After our environment is bootstrapped we can add additional machines to it via the the add-machine command, for example the following will add 2 additional machines with 2Gb each:
$ juju docean add-machine -n 2 --constraints="mem=2G, region=nyc2"
$ juju status
environment: docean
machines:
"0":
agent-state: started
agent-version: 1.17.2.1
dns-name: 162.243.115.78
instance-id: 'manual:'
series: precise
hardware: arch=amd64 cpu-cores=1 mem=2002M
"1":
agent-state: started
agent-version: 1.17.2.1
dns-name: 162.243.86.238
instance-id: manual:162.243.86.238
series: precise
hardware: arch=amd64 cpu-cores=1 mem=2002M
"2":
agent-state: started
agent-version: 1.17.2.1
dns-name: 107.170.39.10
instance-id: manual:107.170.39.10
series: precise
hardware: arch=amd64 cpu-cores=1 mem=2002M
services: {}
We can now use standard juju commands for deploying service workloads aka charms:
$ juju deploy wordpress
Without specifying the machine to place the workload on, the machine will automatically go to an unused machine within the environment.

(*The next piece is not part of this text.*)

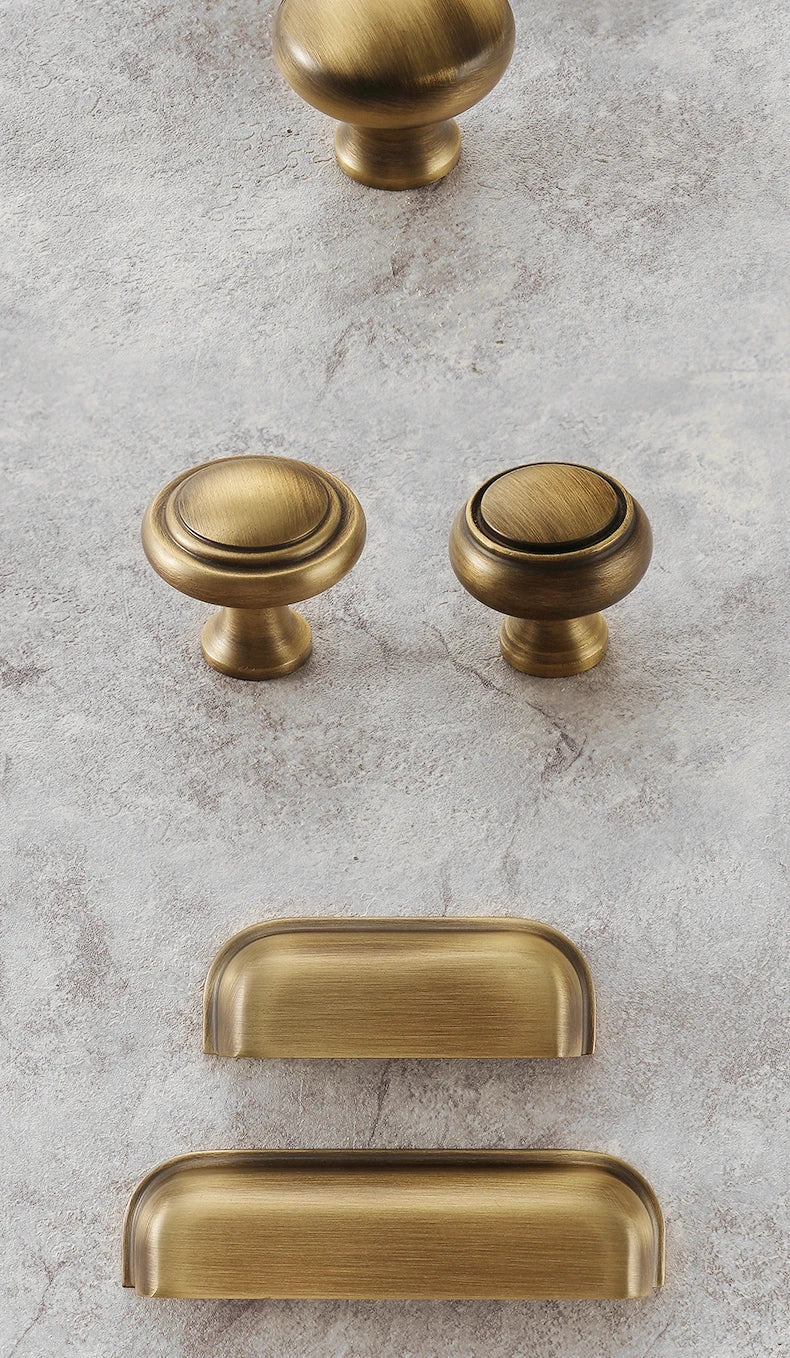 Bronvella ArcRetro Furniture Handle in Antique Copper Stornfield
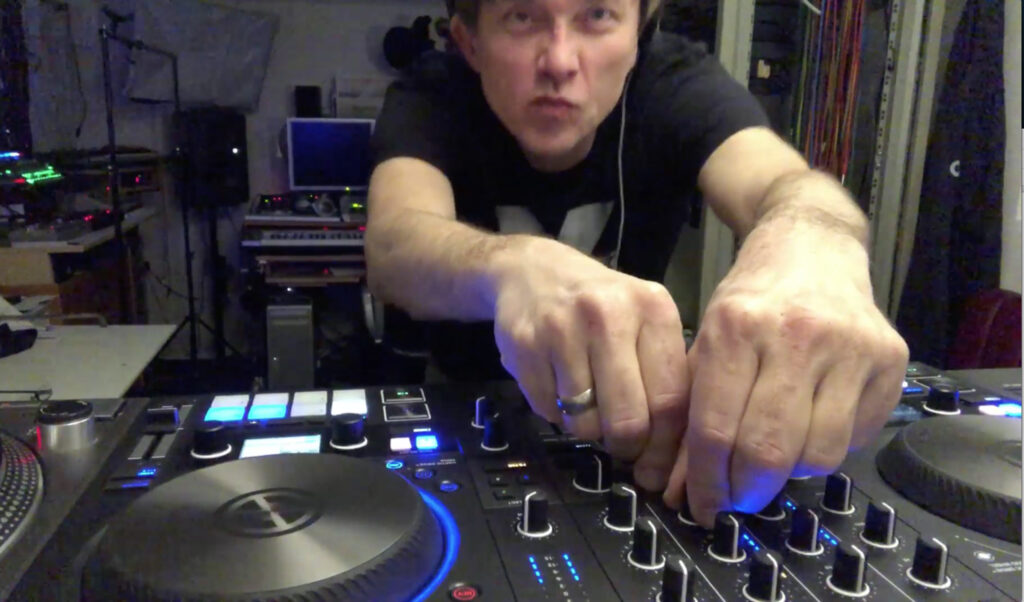 Mijk van Dijk live in the mix aus seinem Rabbithole Studio.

There are hundreds of available charms ready to be used, you can find out more about what's out there from http://jujucharms.com Or alternatively the 'plain' html version at http://manage.jujucharms.com/charms/precise
We can use manual placement to deploy target particular machines:
$ juju deploy mysql --to=2
And of course the real magic of juju comes in its ability to assemble these workloads together via relations like lego blocks:
$ juju add-relation wordpress mysql
We can terminate allocated machines by their machine id. By default with the docean plugin, machines are forcibly terminated which will also terminate any service units on those machines:
$ juju docean terminate-machine 1 2
And we can destroy the entire environment via:
$ juju docean destroy-environment
All commands have builtin help facilities and accept a -v option which will print verbose output while running.
You can find out more about using from http://juju.ubuntu.com/docs
Constraints are selection criteria used to determine what type of machine to allocate for an environment. Those criteria can be related to size of the machine, its location, or other provider specific criteria.
This plugin accepts the standard juju constraints
- cpu-cores
- memory
- root-disk
Additionally it supports the following provider specific constraints.
- 'region' to denote the digital ocean data center to utilize. All digitalocean data centers are supported and various short hand aliases are defined. ie. valid values include ams2, nyc1, nyc2, sfo1, sg1. The plugin defaults to nyc2.
- 'transfer' to denote the terabytes of transfer included in the instance montly cost (integer size in gigabytes).